According to Gerry these GMOs not made to hurt consumers, but to aid the hungry. Another location where GMOs aid struggling communities is in South Africa. “Many people in developing countries (especially children) get sick because their diets don’t include essential nutrients.” Gerry said. “For example, hundreds of thousands of children go blind every year due to vitamin A deficiency, which is a particularly significant problem in Africa, southeast Asia, and parts of South America.”

Yet as Langer’s poll shows, fear still surrounds these organisms. “There is a definite fear of GMOs,” Lewis said. “The fear is understandable because it sounds scary–science is altering our food.” Yet according to Lewis and Gerry, none of the concerns about GMOs have a scientific base, including the common misconception that separate gene groups are being pooled together. “All life on planet Earth shares the same DNA, so there is no such thing as ‘bacteria DNA’ or ‘corn DNA,'” Gerry said. “It’s all just ‘DNA.’”   

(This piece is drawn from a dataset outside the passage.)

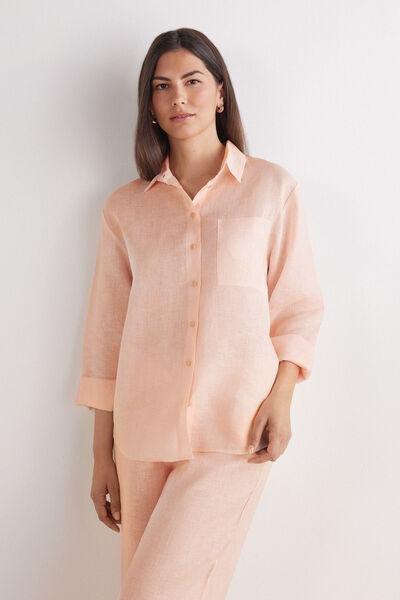 Pink Plain-Weave Linen Shirt, 5601_852J, large image number 1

When someone says GMO, people may picture the image of a needle injecting ‘mystery chemicals’ into a tomato; however, this isn’t the case.  GMOs were first started by “selective breeding,” where scientists and farmers would take the best of their product and breed it for the next generation; over time, the food became bigger and more nutritious for the consumer. This was only the beginning of GMOs .  In the 1960s Paul Berg, a future Nobel Prize recipient, worked with fellow researchers and discovered a way to join two DNAs together. In Berg’s biography he explained what the process of joining two DNAs together is. My colleagues and I succeeded in developing a general way to join two DNAs together in vitro,” Burg wrote. “In this case, a set of three genes responsible for metabolizing galactose in the bacterium E. coli was inserted into the SV40 DNA genome.”

Lewis explained this further in a classroom friendly way. “Basically, what they do is splice DNA of a tomato, or whatever it is they’re trying to genetically alter.” Lewis Said “They unzip the DNA, take out pieces, and put pieces in and rezip it. So they just alter DNA, to make it grow faster or grow bigger or however they want it to grow.”